Basic Personal Safety Tips
If it looks like a duck, swims like a duck, and quacks like a duck, then it probably is a duck. That’s an example of inductive reasoning, and criminals use this to help them select targets of opportunity. Modify this old saying as a way to look for a victim or “mark” and you get the idea. If he or she looks and acts like an easy target, then it’s probably true. Body language is a great communication tool and many times you may not even be aware of what you are saying. Body language and situational awareness are the two primary components in basic personal safety awareness, and should be part of your plan to be safe.

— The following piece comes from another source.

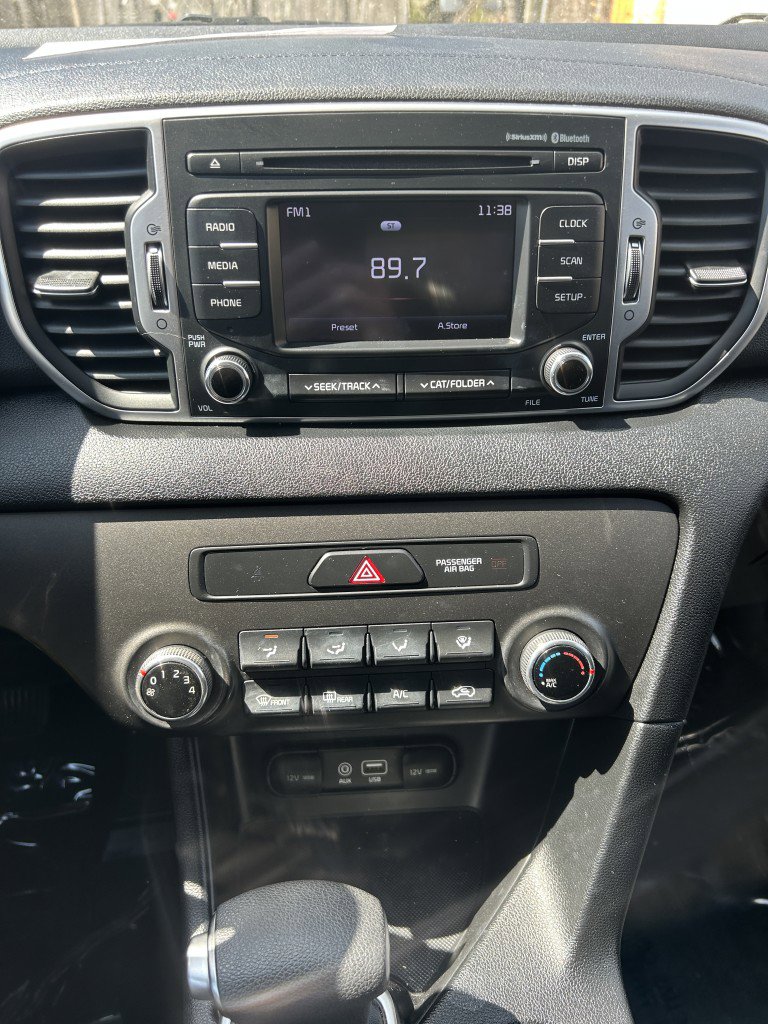 Used 2017 Kia Sportage LX AWD/4WD image 7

Body language is a non-verbal form of communicating feelings, intentions, or thoughts through physical actions such as facial expressions or eye movements, actions or positions of the body, arms and hands, even the amount of space a person keeps around or between other people.

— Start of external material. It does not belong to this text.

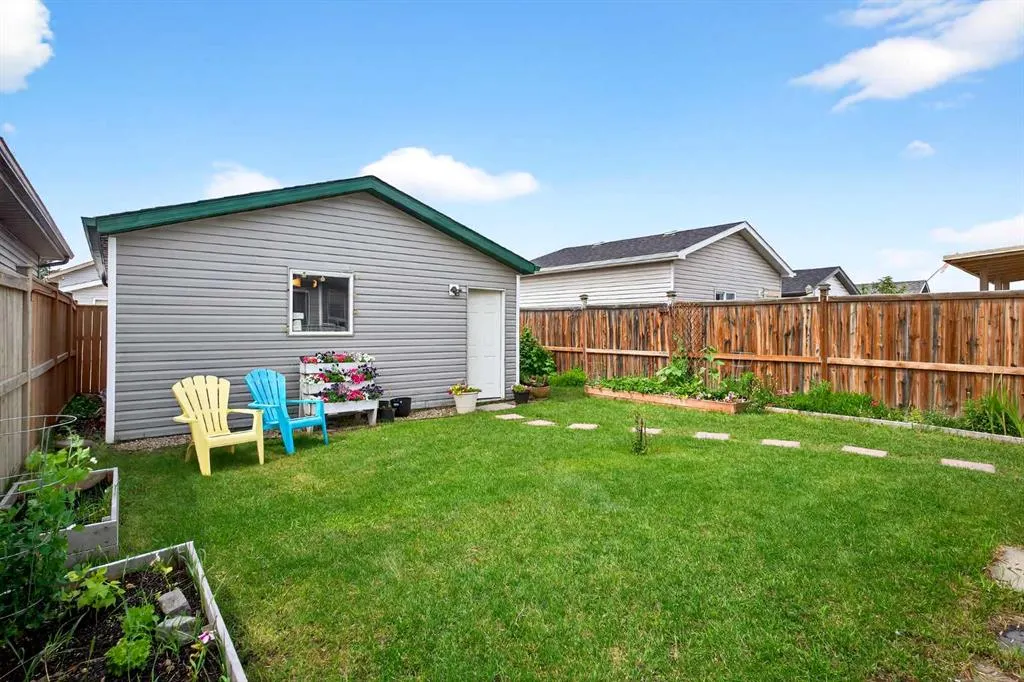 6 Martinvalley Court NE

Simply put, situational awareness is being aware of your surroundings. More specifically, in the context of personal safety tips, it refers to a mindset that allows a person to notice potential threat scenarios in time to react accordingly.
Appear to be a Hard Target
With a proper combination of body language and situational awareness, most people can move throughout their daily activities without attracting unwanted attention from the criminal element. An example of this would be to use body language to display a focused and decisive motion in your walking technique. By keeping your head up and eyes scanning the area, you will appear to be in charge of your actions, not just wandering from one spot to another. By simultaneously using appropriate situational awareness safety tips, you’ll see who is near and what they are doing.
When All Else Fails
Most of the time a criminal will pass on someone who looks like they might be trouble. However, there are some situations that appearances alone won’t deter an unwanted event. Should a situation occur, attempt to avoid it and if that’s not possible, do everything you can to control the outcome.
Realize that certain scenarios are more risky than others. For example, when returning to a parked vehicle, always raise your level of awareness a notch or two. Scan the area around your vehicle and look for people or vehicles that are suspicious. Don’t hesitate to leave the area and ask for security to escort you to the vehicle if you feel something is amiss. At the very least, you may want to return in a few minutes to see if the situation has resolved itself.
If you are attacked, fight back and try to run away. Scream and yell, as you attempt to get loose and attract attention. Don’t be embarrassed to make a scene since a little embarrassment is much more preferable than becoming a casualty of street crime.
When it comes to personal security, use body language and situational awareness to look like the person a criminal wants to avoid. If in spite of your efforts you are attacked, do what you can to get free and move immediately towards safety. You are worth the fight it may take to save yourself.